You can change the way that the colors for the contours are chosen by calling `JKQTPColumnContourPlot::setContourColoringMode()` with another mode:
- `JKQTPColumnContourPlot::SingleColorContours` uses the same color (set by `JKQTPColumnContourPlot::setLineColor()`) for all contours.<br>
  ![contourplot](https://raw.githubusercontent.com/jkriege2/JKQtPlotter/master/screenshots/contourplot_SingleColorContours.png)
- `JKQTPColumnContourPlot::ColorContoursFromPaletteByValue` is the mode used for the example above, which chooses the color from the current color-palette based on the current image data range and the actual level of the contour line. <br>
  ![contourplot](https://raw.githubusercontent.com/jkriege2/JKQtPlotter/master/screenshots/contourplot_ColorContoursFromPaletteByValue.png)
- `JKQTPColumnContourPlot::ColorContoursFromPalette` chooses the color by evenly spacing the contour lines over the full color palette. the line-color will then have no connection to the actual value of the level.<br>
  ![contourplot](https://raw.githubusercontent.com/jkriege2/JKQtPlotter/master/screenshots/contourplot_ColorContoursFromPalette.png)

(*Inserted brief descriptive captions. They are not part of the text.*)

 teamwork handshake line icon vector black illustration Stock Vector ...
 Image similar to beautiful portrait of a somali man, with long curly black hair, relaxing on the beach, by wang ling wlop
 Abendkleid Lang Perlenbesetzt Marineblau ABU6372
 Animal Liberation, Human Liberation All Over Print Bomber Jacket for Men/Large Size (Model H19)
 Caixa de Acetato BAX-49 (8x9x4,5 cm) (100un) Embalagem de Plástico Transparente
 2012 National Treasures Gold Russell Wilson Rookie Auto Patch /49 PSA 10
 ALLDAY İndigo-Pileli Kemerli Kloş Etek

In all modes you can override the coloring of single levels by calling `JKQTPColumnContourPlot::setOverrideColor(level, color)`. In the example above this looks like this:

```.cpp
    for (auto reldist: reldists) {
        const double level=fabs(Q1/(4.0*M_PI*eps0)/(Q1_x0*reldist));
        graph->addContourLevel(-level);
        graph->addContourLevel(level);

        // set a special color for some lines:
        if (reldist==1) {
            graph->setOverrideColor(-level, QColor("yellow"));
            graph->setOverrideColor(level, QColor("yellow"));
        }
    }
```

This code results (in the default coloring mode `JKQTPColumnContourPlot::ColorContoursFromPaletteByValue`) in: 

![contourplot](https://raw.githubusercontent.com/jkriege2/JKQtPlotter/master/screenshots/contourplot_overridecolors.png)

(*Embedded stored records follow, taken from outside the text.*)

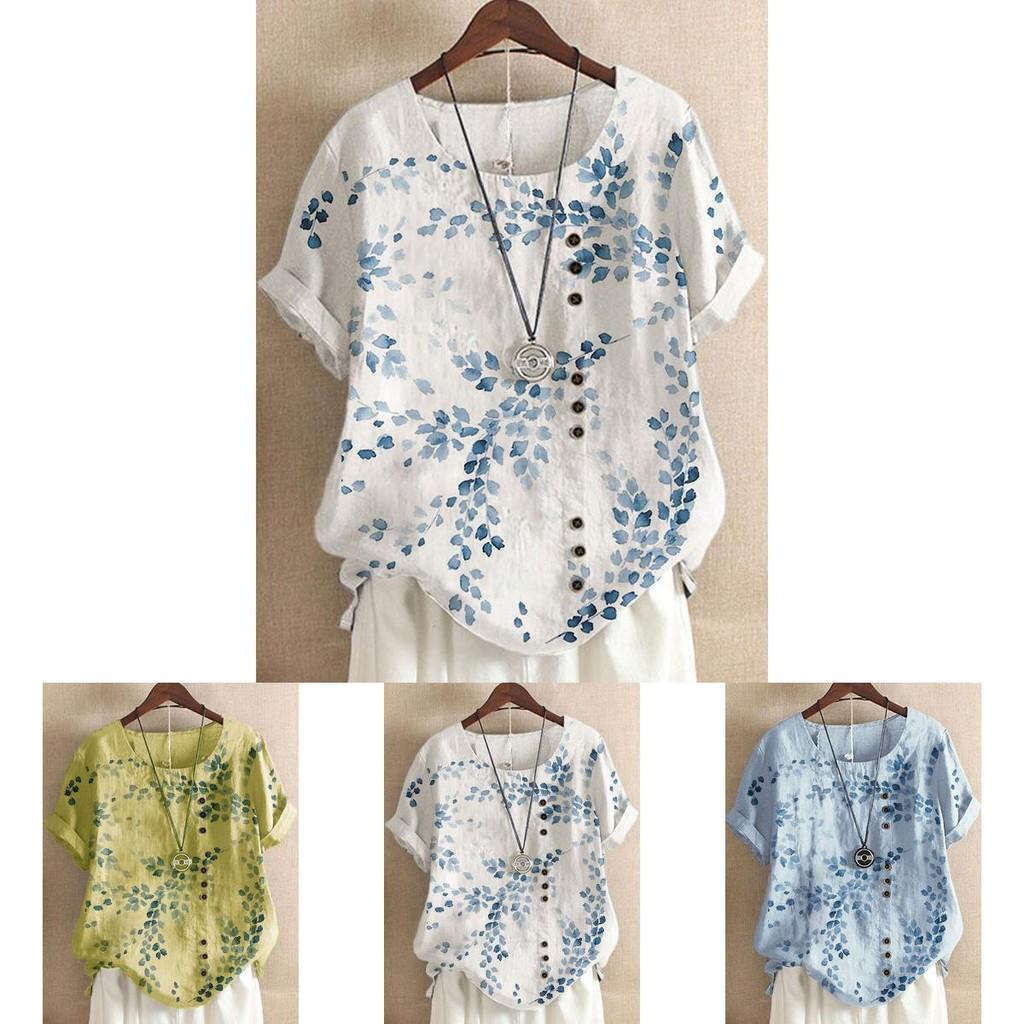 Women's Cotton Linen Floral Blouse With Short Sleeves For Summer Comfort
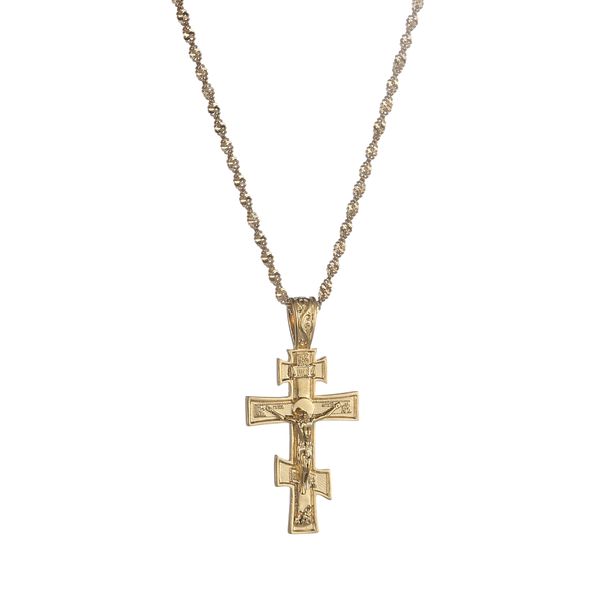 

christian orthodox crucifix jesus pendant necklace gold color inri russian cross jewelry for men women, Silver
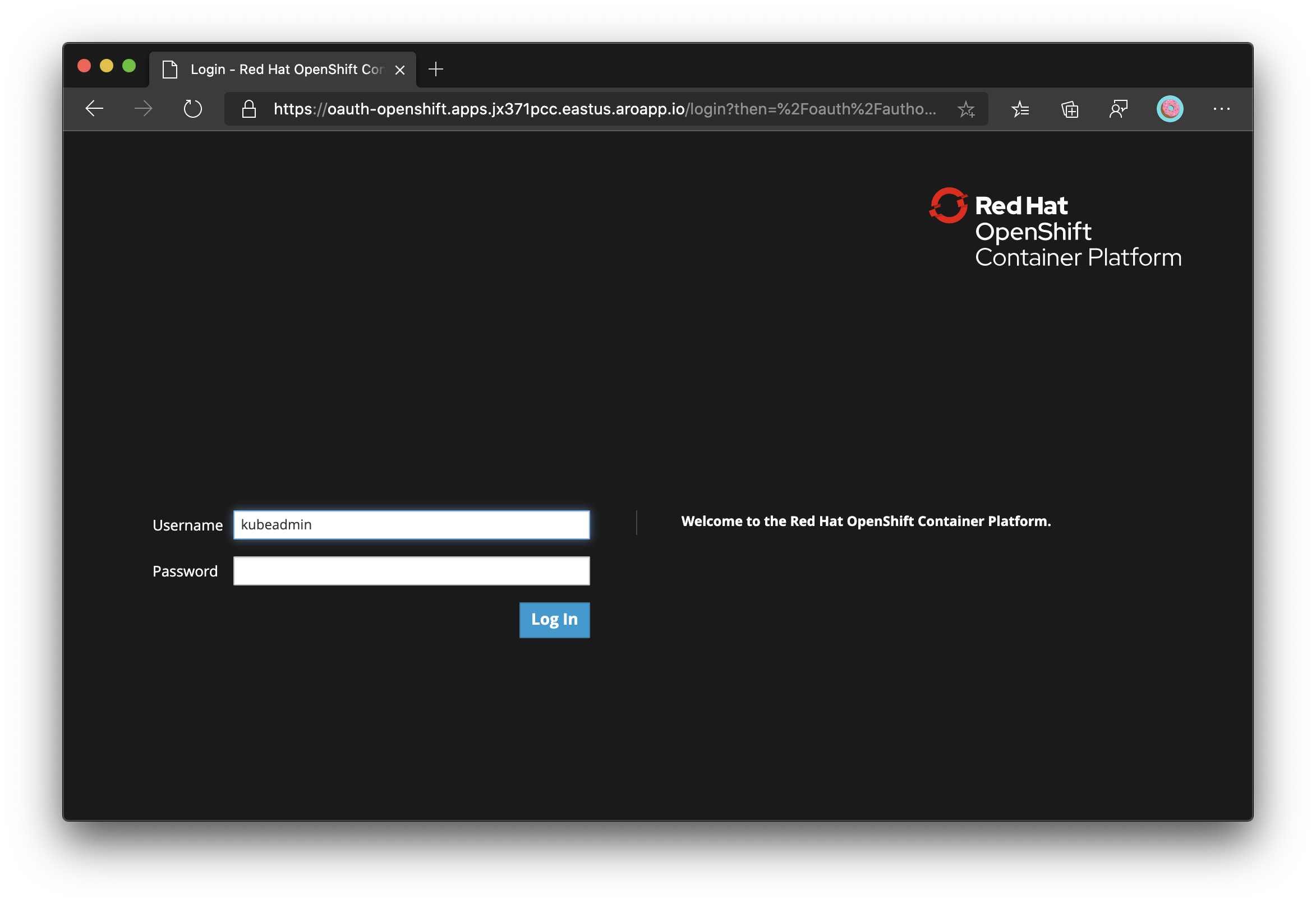 Captura de pantalla que muestra la pantalla de inicio de sesión de Red Hat OpenShift en Azure.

# Gimmick: Animating a Contour Plot

In order to demonstrate the caching implemented in the contour plot, there is optional animation code inside this example, in the form of the class `ContourPlotAnimator` (see (see [`ContourPlotAnimator.cpp`](https://github.com/jkriege2/JKQtPlotter/tree/master/examples/contourplot/ContourPlotAnimator.cpp) ). 

The code therein results in an animation like this:

![contourplot](https://raw.githubusercontent.com/jkriege2/JKQtPlotter/master/screenshots/contourplot_animated.gif)

Note that zooming can still be perfomred without the need to recalculate the contour lines.